市の経済は徐々に再開し、一部の労働者はオフィスに戻ったが、観光客はまだほとんど戻らないため、ヤンキースや地下鉄、ブルックリン橋、アイ・ラブNYなどのロゴが入った商品を売る土産店には、閑古鳥が鳴いている。市の観光産業は昨年、10年連続の成長を記録し、過去最多の約6700万人が市を訪れていた。パンデミックが訪れる前までは、今年も同様の成長が見込まれていた。市会計監査局は今夏、市が来年、課税対象となる15億ドル(約1568億円)以上の観光売上げの機会を逃すだろうと推定した。
市の観光振興機関であるNYCアンドカンパニーによると、観光は40万人以上の雇用を支え、州税と地方税のうち約70億ドル(約7317億円)を占めるという。観光業の衰退は、ホテルやレストラン、バー、そして多くの小売業を苦境に追いやった。
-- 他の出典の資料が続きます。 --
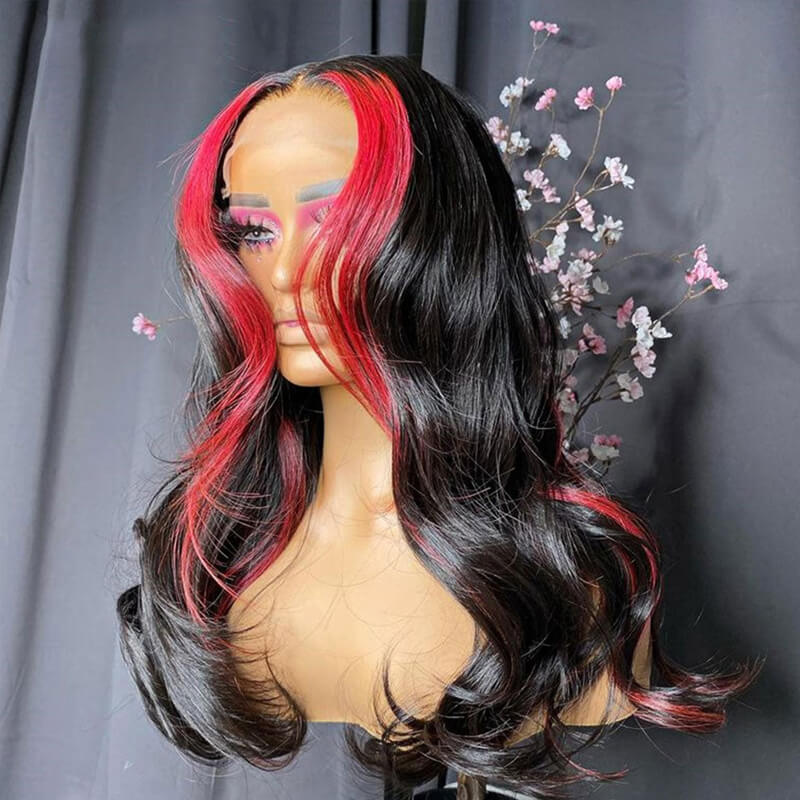 Eullair 13x4 Body Wave Lace Front Wig - Colored Blonde Skunk Stripe Human Hair Wig for Women | Perfect for Cosplay, Halloween, and Daily Fashion Styling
これまでは観光ブームのおかげで、土産店への来店者も多く、比較的安価な商品でも大量に販売することで、店主は高い家賃を払うことができた。しかし、週に数百万人の観光客が市を訪れない限り、観光客を対象とした土産店は存続することは不可能で、今後、多くの店が廃業することが予想されている。